- _Assignment_: From the material below, retype exactly the lines that begin at the line with "Now emails generally" and end after the line with "There's also Modular.com, which"; pictures stay out of the copy.

- _Records to process_:
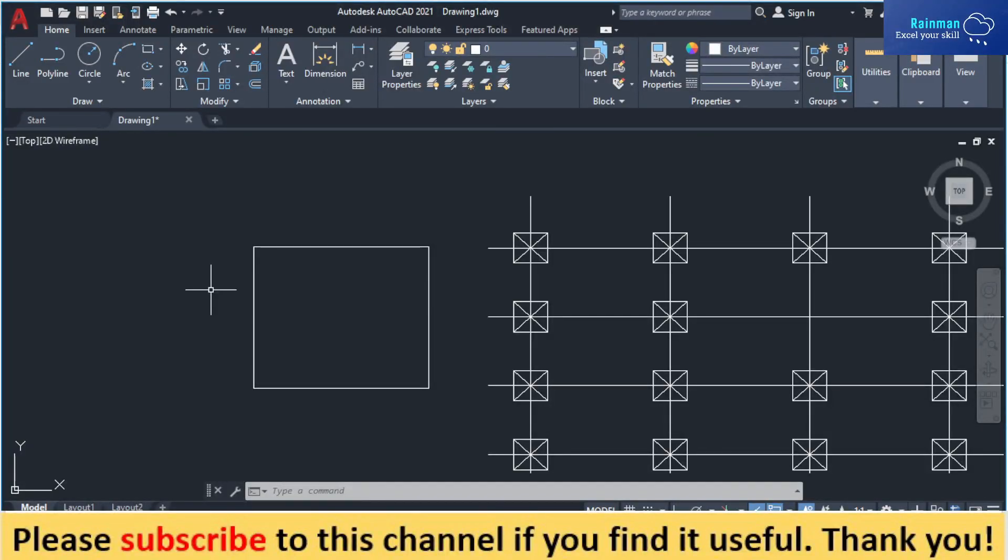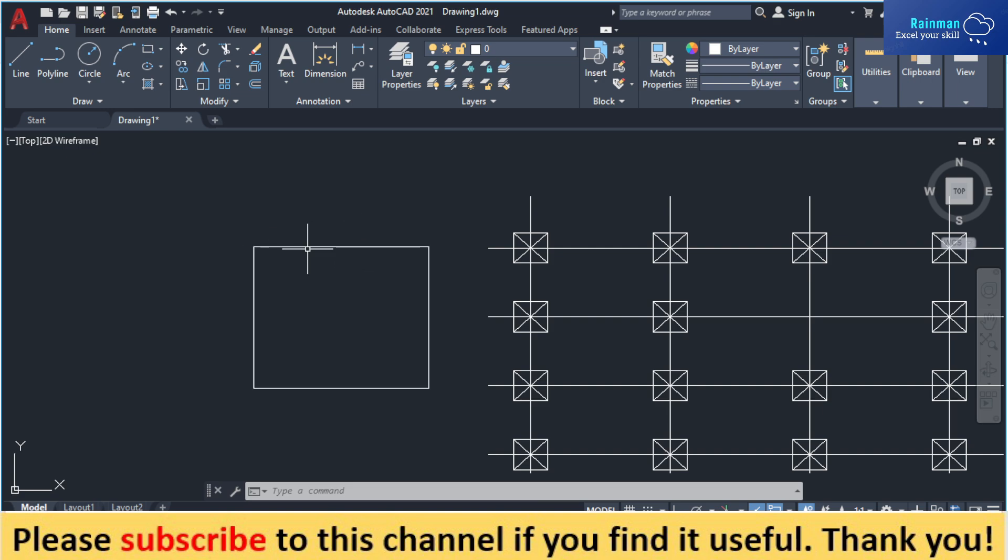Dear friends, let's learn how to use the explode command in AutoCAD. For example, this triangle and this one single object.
==
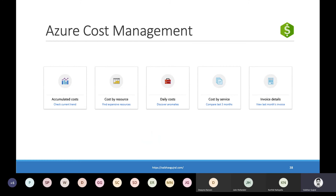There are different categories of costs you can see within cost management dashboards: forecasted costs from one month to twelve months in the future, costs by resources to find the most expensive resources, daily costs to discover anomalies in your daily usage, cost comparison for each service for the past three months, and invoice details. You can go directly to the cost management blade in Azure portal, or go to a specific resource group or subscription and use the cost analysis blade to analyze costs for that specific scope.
* * *
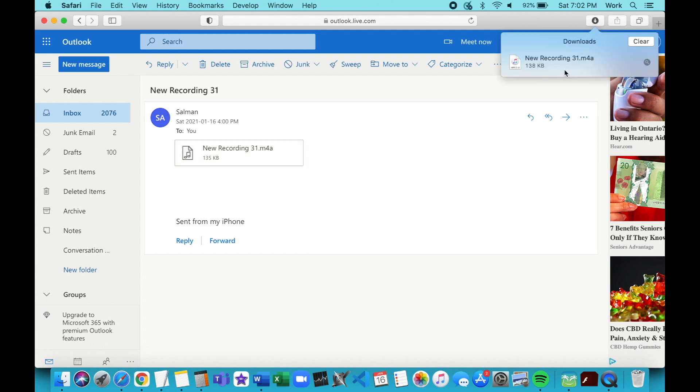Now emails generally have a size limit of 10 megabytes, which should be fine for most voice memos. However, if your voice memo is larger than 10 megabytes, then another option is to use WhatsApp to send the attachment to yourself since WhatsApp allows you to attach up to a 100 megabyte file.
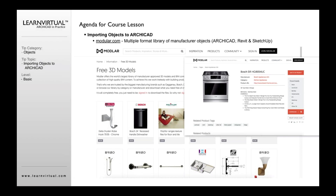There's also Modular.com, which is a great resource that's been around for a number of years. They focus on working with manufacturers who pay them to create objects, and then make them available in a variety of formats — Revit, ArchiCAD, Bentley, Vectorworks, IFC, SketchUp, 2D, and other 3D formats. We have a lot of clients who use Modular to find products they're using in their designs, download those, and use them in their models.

- _Result of this exercise_:
Now emails generally have a size limit of 10 megabytes, which should be fine for most voice memos. However, if your voice memo is larger than 10 megabytes, then another option is to use WhatsApp to send the attachment to yourself since WhatsApp allows you to attach up to a 100 megabyte file.
There's also Modular.com, which is a great resource that's been around for a number of years. They focus on working with manufacturers who pay them to create objects, and then make them available in a variety of formats — Revit, ArchiCAD, Bentley, Vectorworks, IFC, SketchUp, 2D, and other 3D formats. We have a lot of clients who use Modular to find products they're using in their designs, download those, and use them in their models.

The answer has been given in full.